Logstash has a built-in mechanism that exerts back pressure on the data flow when the queue is full. This mechanism helps Logstash control the rate of data flow at the input stage without overwhelming downstream stages and outputs like Elasticsearch.

You can control when back pressure happens by using the queue.max_bytes setting to configure the capacity of the queue on disk. The following example sets the total capacity of the queue to 8gb:

queue.type: persisted
queue.max_bytes: 8gb

With these settings specified, Logstash will buffer unACKed events on disk until the size of the queue reaches 8gb. When the queue is full of unACKed events, and the size limit has been reached, Logstash will no longer accept new events.

Each input handles back pressure independently. For example, when the beats input encounters back pressure, it no longer accepts new connections and waits until the persistent queue has space to accept more events. After the filter and output stages finish processing existing events in the queue and ACKs them, Logstash automatically starts accepting new events.

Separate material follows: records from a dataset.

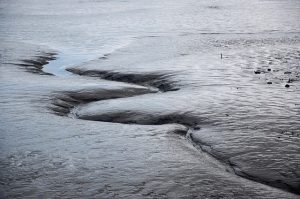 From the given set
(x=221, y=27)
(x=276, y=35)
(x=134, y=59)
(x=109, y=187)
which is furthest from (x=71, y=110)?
(x=221, y=27)

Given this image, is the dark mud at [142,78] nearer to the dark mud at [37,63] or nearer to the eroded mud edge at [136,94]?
the eroded mud edge at [136,94]

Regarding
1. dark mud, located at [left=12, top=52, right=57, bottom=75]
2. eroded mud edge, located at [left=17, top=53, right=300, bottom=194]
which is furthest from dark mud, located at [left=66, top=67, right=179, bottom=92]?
dark mud, located at [left=12, top=52, right=57, bottom=75]

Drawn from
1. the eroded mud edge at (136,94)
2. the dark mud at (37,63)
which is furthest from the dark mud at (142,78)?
the dark mud at (37,63)

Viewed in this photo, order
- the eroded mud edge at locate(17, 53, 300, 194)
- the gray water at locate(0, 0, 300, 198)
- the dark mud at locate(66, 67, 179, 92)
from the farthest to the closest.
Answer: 1. the dark mud at locate(66, 67, 179, 92)
2. the eroded mud edge at locate(17, 53, 300, 194)
3. the gray water at locate(0, 0, 300, 198)

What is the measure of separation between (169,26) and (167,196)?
14.3 m

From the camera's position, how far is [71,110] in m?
5.60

Controlling Durabilityedit

When the persistent queue feature is enabled, Logstash will store events on disk. The persistent queue exposes the trade-off between performance and durability by providing the following configuration options:

queue.checkpoint.writes: The number of writes to the queue to trigger an fsync to disk. This configuration controls the durability from the producer side. Keep in mind that a disk flush is a relatively heavy operation that will affect throughput if performed after every write. For instance, if you want to ensure that all messages in Logstash’s queue are durable, you can set queue.checkpoint.writes: 1. However, this setting can severely impact performance.
queue.checkpoint.acks: The number of ACKs to the queue to trigger an fsync to disk. This configuration controls the durability from the consumer side.

The process of checkpointing is atomic, which means any update to the file is saved if successful.

If Logstash is terminated, or if there is a hardware level failure, any data that is buffered in the persistent queue, but not yet checkpointed, is lost. To avoid this possibility, you can set queue.checkpoint.writes: 1, but keep in mind that this setting can severely impact performance.